More Than Just a Tweet: Trump’s Campaign to Undercut Democracy

New York Times logoFloating the idea of delaying the election was the latest step in the president’s running effort to discredit the election, risking long-term damage to public trust in the system.

Nothing in the Constitution gives President Trump the power to delay the November election, and even fellow Republicans dismissed it out of hand when he broached it on Thursday. But that was not the point. With a possible defeat looming, the point was to tell Americans that they should not trust their own democracy.

The idea of putting off the vote was the culmination of months of discrediting an election that polls suggest Mr. Trump is currently losing by a wide margin. He has repeatedly predicted “RIGGED ELECTIONS” and a “substantially fraudulent” vote and “the most corrupt election in the history of our country,” all based on false, unfounded or exaggerated claims.

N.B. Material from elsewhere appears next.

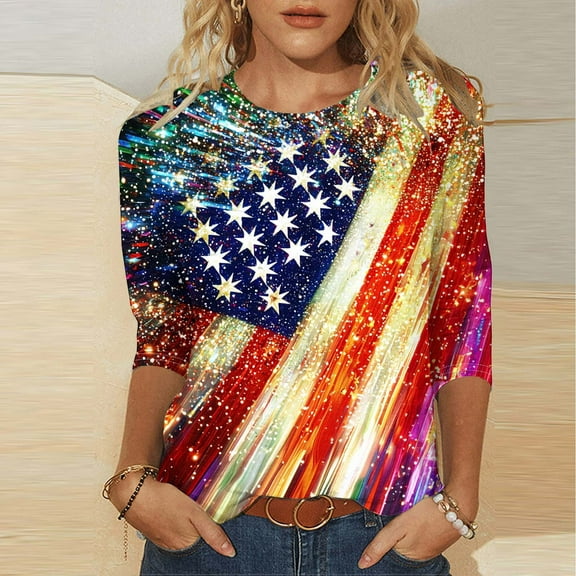Odbmxy Womens Tee Shirts 4th of July 3/4 Sleeve American Flag Womens Plus Size Tops Holiday Summer Red Patriotic Leisure Tops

It is the kind of language resonant of conspiracy theorists, cranks and defeated candidates, not an incumbent living in the White House. Never before has a sitting president of the United States sought to undermine public faith in the election system the way Mr. Trump has. He has refused to commit to respecting the results and, even after his election-delay trial balloon was panned by Republican allies, he raised the specter on Thursday evening of months of lawsuits challenging the outcome. Continue reading.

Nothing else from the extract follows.